Emergenza ambientale e controlli mancati
A complicare ulteriormente il quadro è emersa anche una criticità ambientale. Nel 2025 un’ispezione del Corpo Forestale ha portato al sequestro di centinaia di sacchi contenenti rifiuti speciali accumulati all’interno dello stabilimento. Il caso ha aperto un’inchiesta giudiziaria e sollevato interrogativi sulla gestione delle bonifiche, finanziate anch’esse con risorse pubbliche.
Il tema è tornato al centro dell’attenzione anche grazie all’inchiesta televisiva di Report andata in onda pochi giorni orsono, che ha messo in luce come il fallimento industriale si accompagni a un incompiuto ambientale, aggravando l’eredità lasciata sul territorio.
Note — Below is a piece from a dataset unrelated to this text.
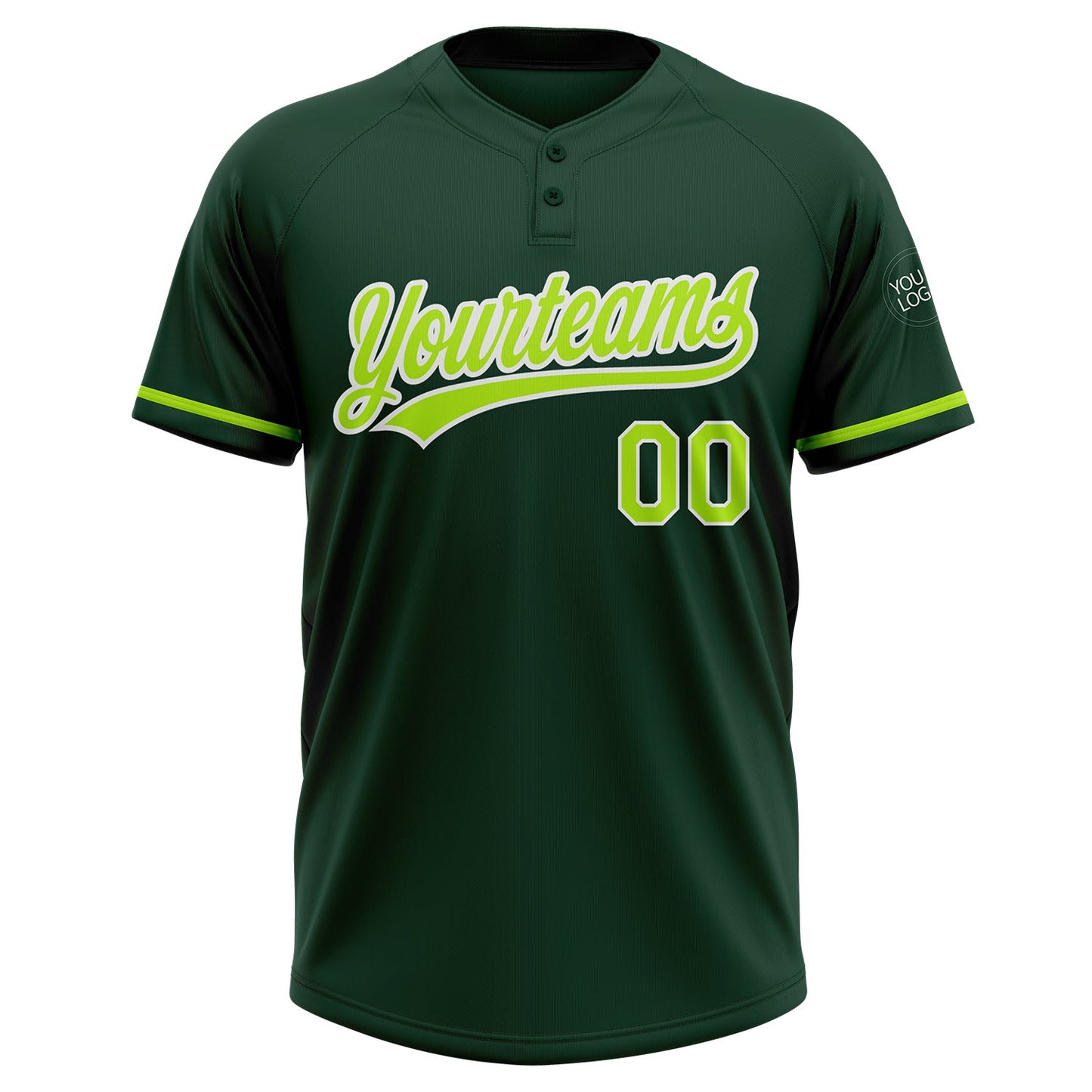 Custom Green Neon Green-White Two-Button Unisex Softball Jersey view 2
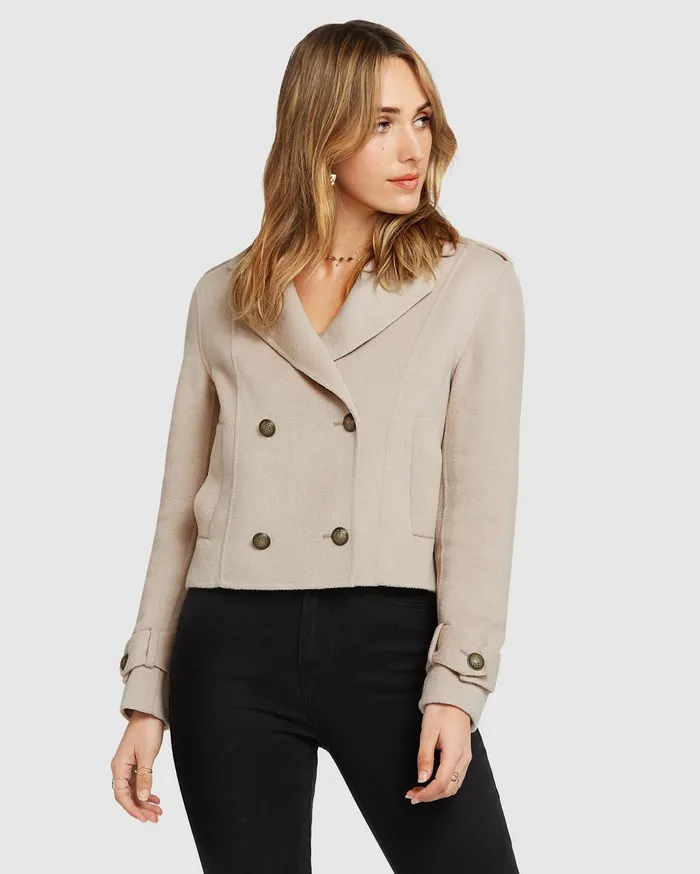 Women Coats and Jackets Belle and Bloom Better Off Military Peacoat 8211 Sand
Un tempo che scorre contro Portoscuso
Mentre i mesi passano, la forza lavoro si assottiglia e le competenze si disperdono. Gli accordi in essere hanno una scadenza precisa e, senza una decisione chiara, il rischio è che lo stabilimento venga definitivamente dismesso. Sarebbe la fine dell’ultimo grande smelter italiano e la perdita di un tassello strategico per intere filiere industriali.
Portoscuso resta così il simbolo di un’industria sospesa, né viva né morta, sostenuta da risorse pubbliche ma priva di una visione capace di trasformarle in opere produttive. Un monito che va oltre la Sardegna e interroga l’intero sistema industriale del paese.